▶ _Dataset excerpts_
______
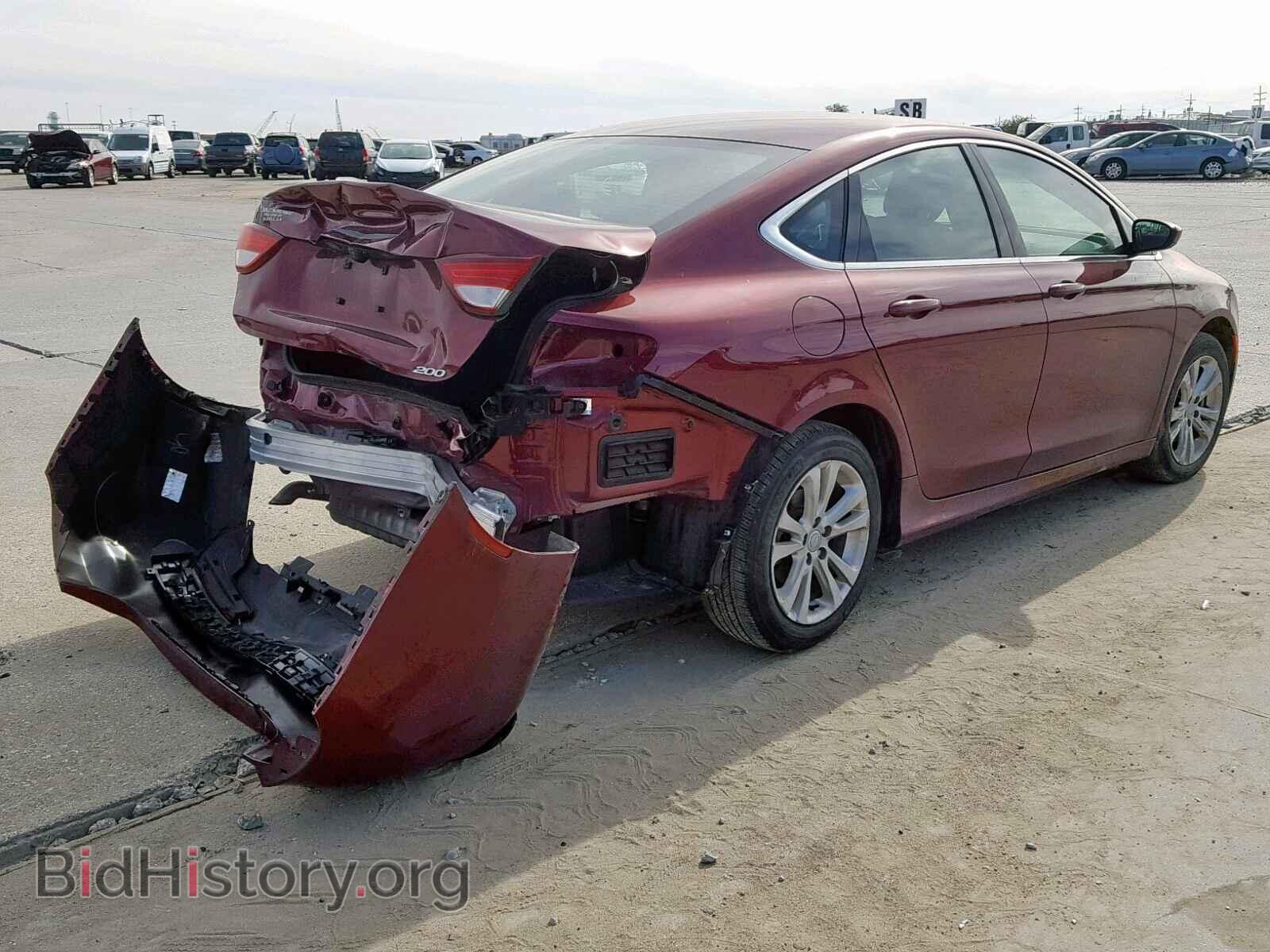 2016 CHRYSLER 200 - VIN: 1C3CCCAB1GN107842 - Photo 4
______
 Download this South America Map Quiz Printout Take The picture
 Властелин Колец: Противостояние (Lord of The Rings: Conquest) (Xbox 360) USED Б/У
______
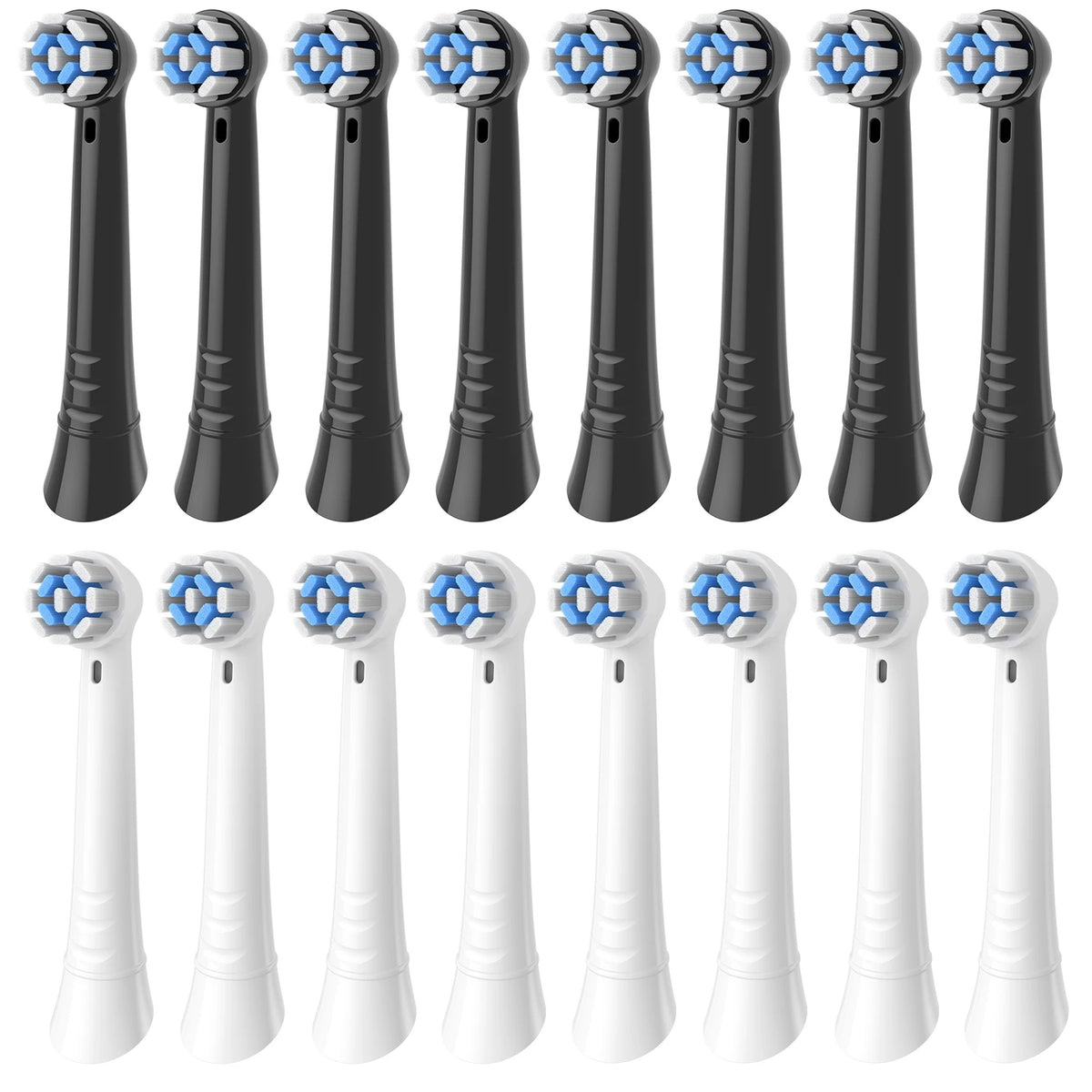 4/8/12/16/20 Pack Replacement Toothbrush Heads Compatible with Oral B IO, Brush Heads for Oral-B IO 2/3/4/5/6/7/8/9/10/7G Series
______
▶ _What this task involves_
Working from the material above, restate word for word the lines between the line with "Download this South" and the line with "Властелин Колец: Противостояние", both included, and only those.

▶ _Task response_
 Download this South America Map Quiz Printout Take The picture
 Властелин Колец: Противостояние (Lord of The Rings: Conquest) (Xbox 360) USED Б/У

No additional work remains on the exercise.